Hello! As I mentioned in What is the status of SWI-Prolog ported to WebAssembly, I’m working on enhancing swipl’s WebAssembly port. It’s going along fairly well, with the one unfortunate exception that pl-wam.c takes approximately 180 seconds to compile, and it won’t even run (PL_next_solution() gives a runtime error: "Too many local variables") when compiled at -O0.
So I’ve started down a separate path of refactoring the WAM code away from the one-big-function paradigm and towards one-function-per-instruction. My thought is to kill two birds with one stone - to allow compilation on WASM regardless of optimization level, but also to make the control/data flow more explicit, to give modern compilers more of a chance to optimize.
Initial results are promising - I have a prototype function-mode build (currently compiling to native Linux/64/gcc), and there’s no noticeable performance difference between that and either the switch-mode or goto-mode builds: the ctest suite passes all tests, and it takes close enough to exactly the same amount of time in each mode that I’d probably need to average out over a couple-hundred runs just to tell which was fastest. Is there a better benchmarking test that I can run?
Core devs, especially @jan - what are your thoughts on this move? Should it be restricted to the WASM build? If it proves to be as performant as the single-function version, should the old version be removed entirely given the clutter it requires in PL_next_solution()?
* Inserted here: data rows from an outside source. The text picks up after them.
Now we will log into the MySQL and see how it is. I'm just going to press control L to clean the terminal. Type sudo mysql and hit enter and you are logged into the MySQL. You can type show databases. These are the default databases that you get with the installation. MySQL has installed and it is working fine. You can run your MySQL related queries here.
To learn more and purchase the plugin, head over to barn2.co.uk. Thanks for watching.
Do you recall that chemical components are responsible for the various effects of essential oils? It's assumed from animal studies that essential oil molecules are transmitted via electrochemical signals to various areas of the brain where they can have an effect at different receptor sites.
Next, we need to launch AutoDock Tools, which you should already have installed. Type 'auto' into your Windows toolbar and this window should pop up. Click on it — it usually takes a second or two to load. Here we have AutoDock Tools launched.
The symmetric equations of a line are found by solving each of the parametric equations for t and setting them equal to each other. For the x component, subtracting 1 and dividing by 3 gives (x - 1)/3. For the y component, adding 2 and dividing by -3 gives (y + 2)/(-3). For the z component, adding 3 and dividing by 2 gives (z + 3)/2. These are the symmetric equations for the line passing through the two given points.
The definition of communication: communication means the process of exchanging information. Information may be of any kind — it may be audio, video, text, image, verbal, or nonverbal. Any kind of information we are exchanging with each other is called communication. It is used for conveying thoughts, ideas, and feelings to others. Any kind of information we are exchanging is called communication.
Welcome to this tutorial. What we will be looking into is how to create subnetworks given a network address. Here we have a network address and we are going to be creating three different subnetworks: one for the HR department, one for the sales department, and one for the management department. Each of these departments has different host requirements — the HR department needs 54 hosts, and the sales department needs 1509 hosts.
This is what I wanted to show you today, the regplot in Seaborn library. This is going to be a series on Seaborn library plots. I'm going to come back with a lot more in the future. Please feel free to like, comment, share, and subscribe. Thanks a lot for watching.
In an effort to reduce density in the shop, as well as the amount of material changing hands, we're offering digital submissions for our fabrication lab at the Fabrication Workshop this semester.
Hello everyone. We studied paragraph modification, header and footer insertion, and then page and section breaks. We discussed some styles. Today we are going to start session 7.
Should it go even further? I can already think of some potential mechanisms that this model would enable, including the possibility to precompile sequences of WAM bytecodes to C, perhaps even whole procedures, with full optimization.
As for performance, the real test is to build the PGO optimized version as anyone interested in performance is using that. Depending on the platform it can be up to almost twice as fast as the normal -O3 build.
I did this at least 20 years ago. The fact that in the current VM the instructions look “function like” while they are in fact code fragments in a giant procedure are the remains of that It surely made the code a lot cleaner, but also about twice as slow and thus I reorganised the code to be effectively a single function but looking as close as possible as a set of functions.
Hardware changed (I was probably using SUN on SPARC those days) and notably C compiler technology improved a lot.
So yes, if it proves to have the same performance using the current technology I’m all in favor! I assume this means we have an array of function pointers, no? If so, we can also gain some performance by specializing VM instructions that use dynamic tests for debugging, signals and some more (currently mostly packed under the alerted flag) and swap the function pointer. Also creating mega instructions (replacing a common sequence of VM instructions by a single one) is a lot simpler. That used to be an important optimization technique. I’m unsure how useful it is these days.
@dmchurch do you know whether this multithreading support could also get us a working Prolog console in browser? Currently the blocking read call deadlocks the event loop leaving no way for the user to provide data for the read call.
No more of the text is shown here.